Explaining the science behind how snow retention systems work, Rob Haddock, metal roof consultant and founder of S-5! says, “There are two forces which densify a snowbank. One is the vector force, which is the snow pushing downslope parallel to the roof, and the second is the gravity load pushing straight down on the roof. These two forces amalgamate toward the eave end of the roof creating a ‘densification zone’ of sorts for the snowbank. This is where the snowbank has the greatest compressive strength.
“So, if you restrain the snow’s lower end where it has the highest compressive strength, the job is done; you’ve restrained the whole load. This is why a snow guard that is a few inches in height can restrain an entire blanket of snow that is many feet in depth.
“However, when PV modules are installed right down to the eave, this crucial densification zone for snow guard placement is obstructed. Solar panel frames are not engineered to withstand lateral snow forces, making it impossible to attach snow guards directly to the solar modules.
“Ideally, the design should leave approximately 15% of the roof surface from eave to ridge for densification at the eave end clear of solar panels. The snow retention system is then installed at the downslope edge of that zone.”
Opposing Systems
So, what happens if a roof is covered completely with solar panels, and the building owner faces issues with snow accumulation and rooftop avalanches affecting walkways, entryways and/or lower windows? A snow retention system is now needed, but where does one install the system?
“One possible solution involves installing adjacent to the lowest row of solar and elevating the snow retention system above surface of the PV array,” continues Haddock. “While this might solve the snow avalanche potential, the snow guard placement will now cast a shadow on the PV modules, thereby compromising their power production.
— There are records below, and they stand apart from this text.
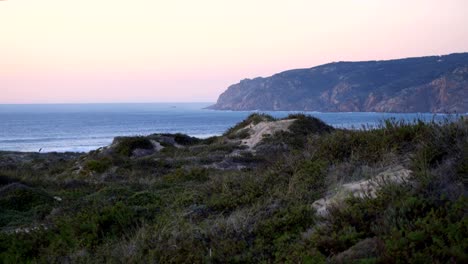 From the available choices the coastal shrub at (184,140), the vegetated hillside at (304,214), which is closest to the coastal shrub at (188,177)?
the vegetated hillside at (304,214)

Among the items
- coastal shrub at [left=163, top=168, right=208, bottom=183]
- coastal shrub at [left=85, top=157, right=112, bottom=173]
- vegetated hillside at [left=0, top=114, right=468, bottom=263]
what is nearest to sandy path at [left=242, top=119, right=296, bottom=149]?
coastal shrub at [left=85, top=157, right=112, bottom=173]

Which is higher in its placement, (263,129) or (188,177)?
(263,129)

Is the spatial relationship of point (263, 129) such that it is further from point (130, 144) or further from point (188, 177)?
point (188, 177)

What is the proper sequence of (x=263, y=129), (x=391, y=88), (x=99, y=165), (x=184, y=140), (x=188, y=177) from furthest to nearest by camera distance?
(x=391, y=88), (x=184, y=140), (x=263, y=129), (x=99, y=165), (x=188, y=177)

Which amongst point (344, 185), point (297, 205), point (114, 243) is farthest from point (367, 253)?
point (114, 243)

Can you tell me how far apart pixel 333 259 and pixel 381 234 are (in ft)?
2.23

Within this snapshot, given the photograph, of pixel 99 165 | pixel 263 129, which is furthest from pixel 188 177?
pixel 263 129

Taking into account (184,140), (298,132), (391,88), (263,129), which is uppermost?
(391,88)

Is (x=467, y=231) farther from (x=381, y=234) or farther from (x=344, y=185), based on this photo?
(x=344, y=185)

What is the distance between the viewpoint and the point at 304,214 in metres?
7.44

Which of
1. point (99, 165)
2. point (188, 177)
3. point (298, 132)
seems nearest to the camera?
point (188, 177)

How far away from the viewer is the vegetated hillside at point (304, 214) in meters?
5.68

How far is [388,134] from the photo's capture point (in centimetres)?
1022

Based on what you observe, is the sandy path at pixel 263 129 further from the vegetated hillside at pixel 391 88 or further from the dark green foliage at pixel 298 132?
the vegetated hillside at pixel 391 88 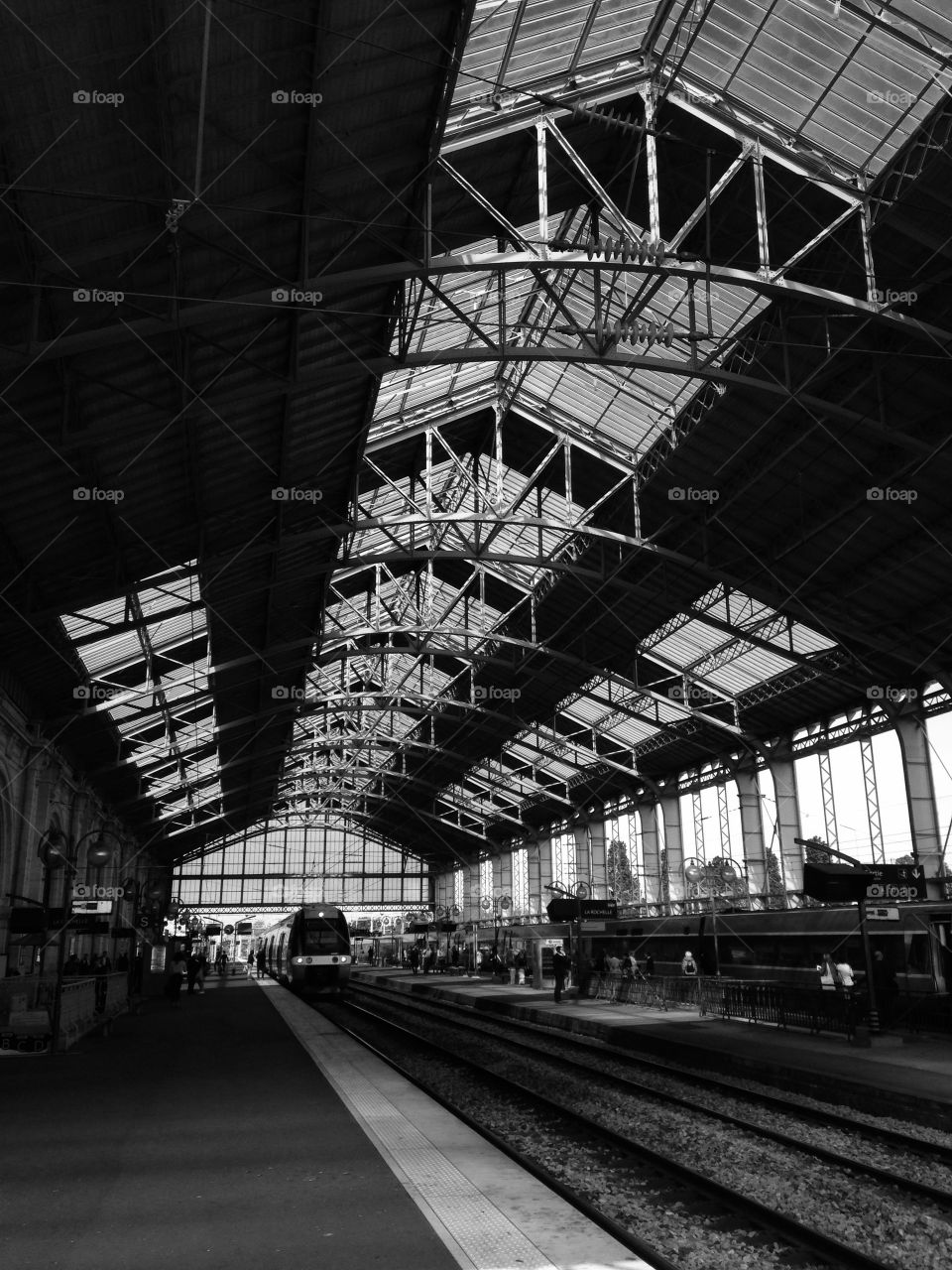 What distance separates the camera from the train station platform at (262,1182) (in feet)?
19.9

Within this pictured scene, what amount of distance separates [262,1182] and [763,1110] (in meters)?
7.99

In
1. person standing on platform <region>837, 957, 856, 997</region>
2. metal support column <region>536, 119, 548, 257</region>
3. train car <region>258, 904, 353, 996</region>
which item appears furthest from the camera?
train car <region>258, 904, 353, 996</region>

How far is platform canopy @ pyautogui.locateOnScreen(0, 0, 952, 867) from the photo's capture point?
12.4 m

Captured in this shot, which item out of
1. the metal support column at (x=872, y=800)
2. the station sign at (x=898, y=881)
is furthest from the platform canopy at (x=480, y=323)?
the station sign at (x=898, y=881)

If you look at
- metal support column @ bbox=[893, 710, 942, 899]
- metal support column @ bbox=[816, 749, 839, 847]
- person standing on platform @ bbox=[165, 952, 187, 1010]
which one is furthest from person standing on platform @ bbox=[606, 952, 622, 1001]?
person standing on platform @ bbox=[165, 952, 187, 1010]

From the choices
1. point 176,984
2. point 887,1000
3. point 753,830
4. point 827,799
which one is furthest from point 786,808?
point 176,984

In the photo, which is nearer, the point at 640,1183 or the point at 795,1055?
the point at 640,1183

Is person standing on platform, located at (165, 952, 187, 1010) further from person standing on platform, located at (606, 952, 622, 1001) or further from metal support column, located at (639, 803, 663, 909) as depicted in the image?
metal support column, located at (639, 803, 663, 909)

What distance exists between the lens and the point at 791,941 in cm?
2709

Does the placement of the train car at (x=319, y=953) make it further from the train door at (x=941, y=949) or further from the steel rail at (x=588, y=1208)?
the steel rail at (x=588, y=1208)

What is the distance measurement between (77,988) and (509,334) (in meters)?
18.4

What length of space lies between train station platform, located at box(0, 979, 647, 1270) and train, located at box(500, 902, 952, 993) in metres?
13.2

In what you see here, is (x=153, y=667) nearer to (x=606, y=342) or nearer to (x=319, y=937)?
(x=319, y=937)

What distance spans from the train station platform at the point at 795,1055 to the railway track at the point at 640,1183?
2.62 meters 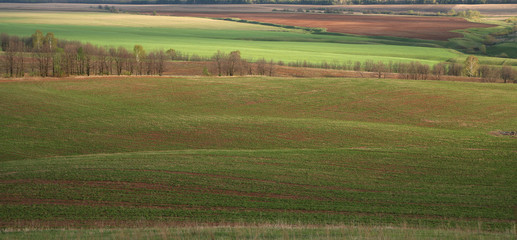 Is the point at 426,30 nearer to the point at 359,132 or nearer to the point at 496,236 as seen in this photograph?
the point at 359,132

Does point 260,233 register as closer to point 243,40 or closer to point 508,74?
point 508,74

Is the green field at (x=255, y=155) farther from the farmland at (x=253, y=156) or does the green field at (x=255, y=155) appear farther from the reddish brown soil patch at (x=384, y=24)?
the reddish brown soil patch at (x=384, y=24)

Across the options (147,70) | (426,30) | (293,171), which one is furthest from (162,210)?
(426,30)

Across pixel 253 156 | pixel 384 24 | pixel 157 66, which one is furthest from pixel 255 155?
pixel 384 24

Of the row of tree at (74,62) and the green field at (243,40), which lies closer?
the row of tree at (74,62)

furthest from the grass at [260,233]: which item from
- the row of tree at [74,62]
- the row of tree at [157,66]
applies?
the row of tree at [157,66]

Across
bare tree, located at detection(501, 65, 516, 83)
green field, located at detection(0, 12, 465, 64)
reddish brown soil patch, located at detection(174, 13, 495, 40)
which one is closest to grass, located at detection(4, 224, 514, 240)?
bare tree, located at detection(501, 65, 516, 83)

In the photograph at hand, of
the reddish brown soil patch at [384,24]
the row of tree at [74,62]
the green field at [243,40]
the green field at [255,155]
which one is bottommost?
the green field at [255,155] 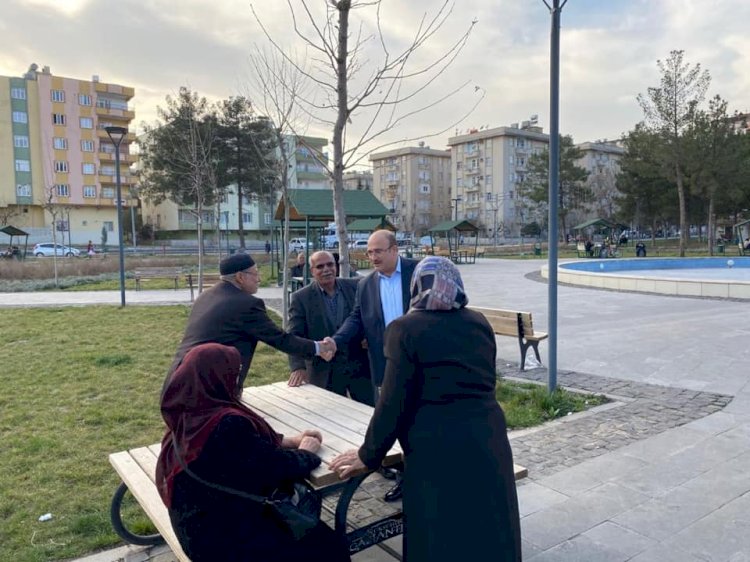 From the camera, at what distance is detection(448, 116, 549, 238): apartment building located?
8425cm

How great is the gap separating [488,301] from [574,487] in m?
11.0

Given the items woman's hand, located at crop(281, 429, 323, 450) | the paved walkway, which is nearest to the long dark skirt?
woman's hand, located at crop(281, 429, 323, 450)

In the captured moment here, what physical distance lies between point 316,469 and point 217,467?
607 millimetres

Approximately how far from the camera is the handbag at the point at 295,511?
223 cm

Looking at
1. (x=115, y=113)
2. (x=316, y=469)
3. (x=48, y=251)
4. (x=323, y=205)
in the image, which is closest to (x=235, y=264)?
(x=316, y=469)

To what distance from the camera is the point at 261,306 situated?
338 cm

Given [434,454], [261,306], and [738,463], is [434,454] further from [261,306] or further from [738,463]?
[738,463]

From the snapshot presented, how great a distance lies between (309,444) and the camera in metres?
2.83

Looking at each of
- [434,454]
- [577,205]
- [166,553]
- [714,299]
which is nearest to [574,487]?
[434,454]

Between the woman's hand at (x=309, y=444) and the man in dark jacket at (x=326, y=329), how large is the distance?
1.45 metres

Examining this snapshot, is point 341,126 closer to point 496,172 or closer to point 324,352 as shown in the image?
point 324,352

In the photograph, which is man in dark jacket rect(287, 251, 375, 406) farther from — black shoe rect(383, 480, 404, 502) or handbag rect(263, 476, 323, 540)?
handbag rect(263, 476, 323, 540)

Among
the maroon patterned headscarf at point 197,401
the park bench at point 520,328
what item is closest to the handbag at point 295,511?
the maroon patterned headscarf at point 197,401

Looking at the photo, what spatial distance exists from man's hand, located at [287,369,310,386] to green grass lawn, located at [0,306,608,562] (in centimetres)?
129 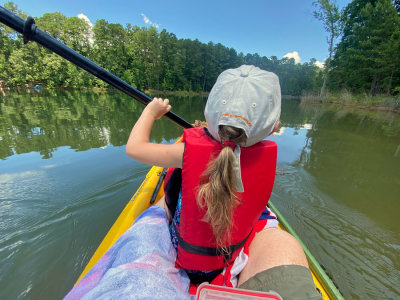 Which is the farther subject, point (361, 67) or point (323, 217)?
point (361, 67)

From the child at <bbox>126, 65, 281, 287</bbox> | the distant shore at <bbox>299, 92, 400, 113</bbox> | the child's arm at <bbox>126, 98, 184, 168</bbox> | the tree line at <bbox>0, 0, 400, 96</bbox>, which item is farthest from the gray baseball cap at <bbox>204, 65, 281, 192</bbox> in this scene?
the tree line at <bbox>0, 0, 400, 96</bbox>

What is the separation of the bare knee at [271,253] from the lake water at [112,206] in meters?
1.34

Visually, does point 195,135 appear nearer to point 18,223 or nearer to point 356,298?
point 356,298

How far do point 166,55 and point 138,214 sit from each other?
38.3 m

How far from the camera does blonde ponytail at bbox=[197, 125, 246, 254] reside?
0.74m

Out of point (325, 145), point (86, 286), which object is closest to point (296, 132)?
point (325, 145)

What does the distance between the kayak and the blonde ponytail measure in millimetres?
877

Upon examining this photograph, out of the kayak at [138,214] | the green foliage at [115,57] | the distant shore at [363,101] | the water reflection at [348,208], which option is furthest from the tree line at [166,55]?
the kayak at [138,214]

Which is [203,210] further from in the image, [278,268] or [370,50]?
[370,50]

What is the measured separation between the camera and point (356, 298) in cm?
160

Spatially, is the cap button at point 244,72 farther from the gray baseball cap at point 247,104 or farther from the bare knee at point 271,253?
the bare knee at point 271,253

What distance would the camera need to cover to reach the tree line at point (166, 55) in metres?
17.8

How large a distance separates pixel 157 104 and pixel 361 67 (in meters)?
27.3

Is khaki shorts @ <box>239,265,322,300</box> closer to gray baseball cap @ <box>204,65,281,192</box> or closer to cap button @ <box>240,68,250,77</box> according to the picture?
gray baseball cap @ <box>204,65,281,192</box> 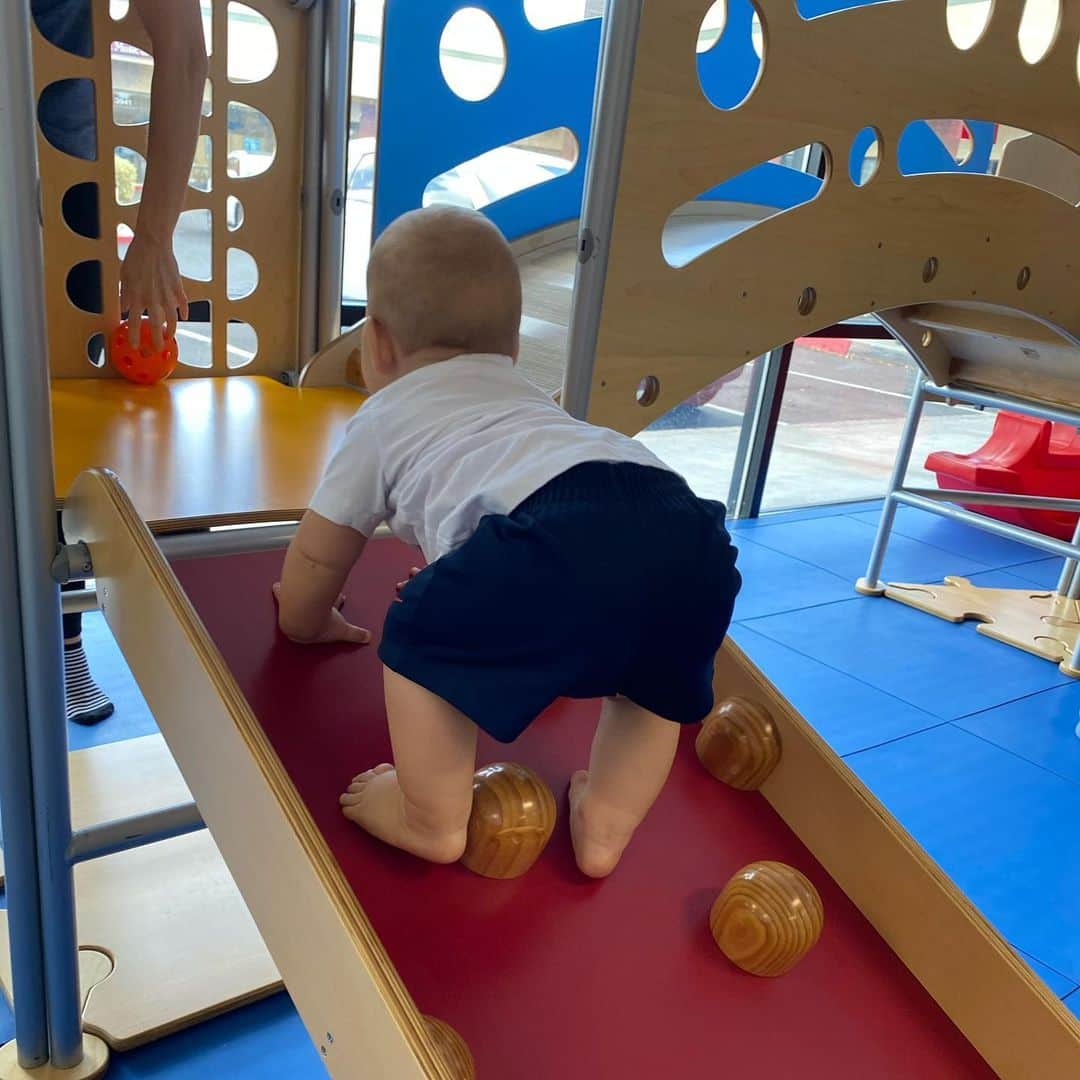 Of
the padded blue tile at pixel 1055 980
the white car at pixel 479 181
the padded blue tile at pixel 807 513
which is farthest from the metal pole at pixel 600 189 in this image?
the padded blue tile at pixel 807 513

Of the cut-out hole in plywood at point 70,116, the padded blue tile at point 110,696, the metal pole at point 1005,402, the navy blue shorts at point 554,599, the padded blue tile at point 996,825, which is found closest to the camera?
the navy blue shorts at point 554,599

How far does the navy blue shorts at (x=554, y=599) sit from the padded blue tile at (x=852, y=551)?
3037 mm

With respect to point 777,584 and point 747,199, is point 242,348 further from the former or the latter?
point 777,584

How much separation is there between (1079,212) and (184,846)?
2.16m

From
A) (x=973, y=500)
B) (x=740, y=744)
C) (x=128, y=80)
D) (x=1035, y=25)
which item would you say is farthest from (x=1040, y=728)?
(x=1035, y=25)

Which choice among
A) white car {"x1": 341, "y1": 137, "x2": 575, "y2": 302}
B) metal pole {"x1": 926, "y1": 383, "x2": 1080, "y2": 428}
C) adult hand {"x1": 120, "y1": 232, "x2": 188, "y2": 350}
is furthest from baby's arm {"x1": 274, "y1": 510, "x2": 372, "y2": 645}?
metal pole {"x1": 926, "y1": 383, "x2": 1080, "y2": 428}

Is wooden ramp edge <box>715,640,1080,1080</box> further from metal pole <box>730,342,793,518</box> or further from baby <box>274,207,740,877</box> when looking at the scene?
metal pole <box>730,342,793,518</box>

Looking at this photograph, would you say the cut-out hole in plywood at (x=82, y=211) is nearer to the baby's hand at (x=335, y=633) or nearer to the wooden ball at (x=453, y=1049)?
the baby's hand at (x=335, y=633)

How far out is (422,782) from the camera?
0.84m

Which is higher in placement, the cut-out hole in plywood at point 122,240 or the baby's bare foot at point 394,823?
the cut-out hole in plywood at point 122,240

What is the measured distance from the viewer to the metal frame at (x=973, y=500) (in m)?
3.10

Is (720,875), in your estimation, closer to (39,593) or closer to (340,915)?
(340,915)

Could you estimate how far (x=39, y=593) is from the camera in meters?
1.05

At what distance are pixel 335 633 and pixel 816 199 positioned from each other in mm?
980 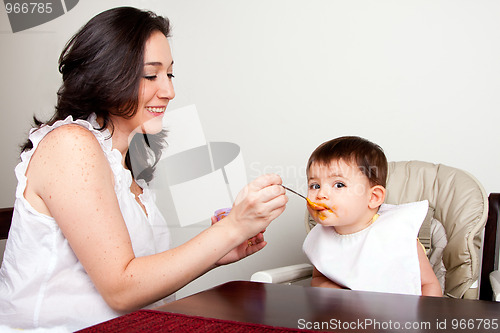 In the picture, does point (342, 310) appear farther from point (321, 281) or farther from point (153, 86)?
point (153, 86)

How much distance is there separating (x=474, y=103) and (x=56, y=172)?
1.64 meters

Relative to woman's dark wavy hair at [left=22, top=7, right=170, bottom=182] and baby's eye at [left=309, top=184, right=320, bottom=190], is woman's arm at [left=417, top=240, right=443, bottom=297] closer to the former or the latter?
baby's eye at [left=309, top=184, right=320, bottom=190]

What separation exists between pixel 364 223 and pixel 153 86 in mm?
804

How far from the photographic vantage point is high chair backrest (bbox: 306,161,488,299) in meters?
1.58

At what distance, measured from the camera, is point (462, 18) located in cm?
200

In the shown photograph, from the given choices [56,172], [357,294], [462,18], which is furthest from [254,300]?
[462,18]

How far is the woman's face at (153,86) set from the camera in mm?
1439

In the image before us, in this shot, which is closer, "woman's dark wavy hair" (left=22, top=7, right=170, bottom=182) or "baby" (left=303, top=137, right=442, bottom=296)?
"woman's dark wavy hair" (left=22, top=7, right=170, bottom=182)

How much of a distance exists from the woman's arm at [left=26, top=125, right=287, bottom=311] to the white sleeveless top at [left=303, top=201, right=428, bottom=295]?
0.48m

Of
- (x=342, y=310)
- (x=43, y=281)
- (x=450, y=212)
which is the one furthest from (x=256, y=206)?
(x=450, y=212)

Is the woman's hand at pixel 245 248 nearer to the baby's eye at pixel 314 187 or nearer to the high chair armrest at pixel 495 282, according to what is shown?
the baby's eye at pixel 314 187

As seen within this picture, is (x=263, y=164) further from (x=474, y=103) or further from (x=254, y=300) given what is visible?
(x=254, y=300)

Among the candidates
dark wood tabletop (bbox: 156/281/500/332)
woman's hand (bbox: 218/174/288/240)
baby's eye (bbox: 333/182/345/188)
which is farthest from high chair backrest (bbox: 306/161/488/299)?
woman's hand (bbox: 218/174/288/240)

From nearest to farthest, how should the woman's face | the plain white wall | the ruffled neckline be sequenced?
the ruffled neckline → the woman's face → the plain white wall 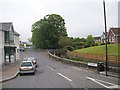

The net-zero Calcaire House, located in Boulder, Colorado, features seamlessly integrated solar panels and snow retention systems. Photos courtesy of S-5!
“Another proposed solution involves removing a few PV modules to make room for snow guards. While this might seem like an easy fix, it actually creates a larger problem as solar systems are highly customized on a job-specific basis. This means that the entire electrical design, must be reconfigured to different resulting power generation values. This often requires disassembly and is cost prohibitive.
“If you start deleting modules, you have to rejig the entire electrical system of that solar array. It’s a very major re-do.”
Optimized Design Integration
The ideal scenario is early collaboration between architects, solar design team, roofing contractors and snow retention manufacturers. “Everyone can huddle and address this issue in the pre-design stage,” Haddock advises. “This collaboration ensures that both systems are integrated seamlessly, but it seldom actually happens.”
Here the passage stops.